Observability Platform — Traces

6 min readJul 15, 2024

This post is part of a series of blogs about setting up an Observability platform for an organization. This series includes the details of observability platform components, architecture, and the tool stack used to build the platform.

Traces

Collecting traces from the services is an important functionality in setting up an observability platform.

For collecting traces from the application we can use Open telemetry, and for visualization we can use Grafana Tempo.

Open Telemetry:

OpenTelemetry is an open-source project that provides a set of APIs, libraries, agents, and instrumentation to enable observability for cloud-native software. It allows developers to collect, process, and export telemetry data such as metrics, traces, and logs from applications and services.

The project aims to standardise and simplify observability in distributed systems by providing a vendor-neutral, community-driven framework. It supports multiple programming languages and frameworks, making it versatile for various environments.

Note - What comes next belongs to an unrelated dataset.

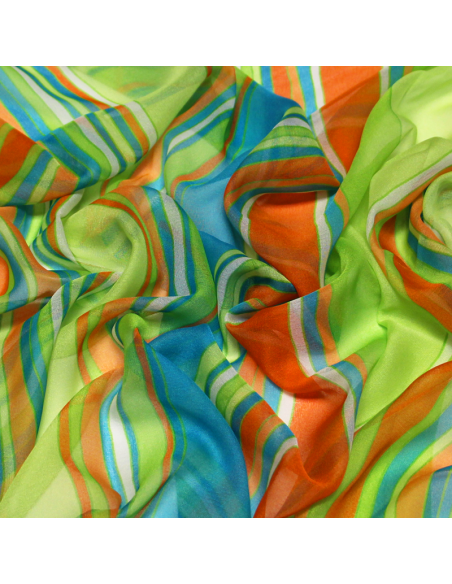 Paréo - Rayure orange, bleu & vert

Below are the steps involved in collecting telemetry data and use it for monitoring

Install and Configure Open Telemetry collector
Instrument your applications
Export telemetry data to the Backend
Deploy and monitor

Install and Configure Open Telemetry collector

Here we can use the OpenTelemetry Operator Chart to deploy open telemetry and instrumentations. The OpenTelemetry Operator is a Kubernetes operator that manages OpenTelemetry Collectors and auto-instrumentation of workloads.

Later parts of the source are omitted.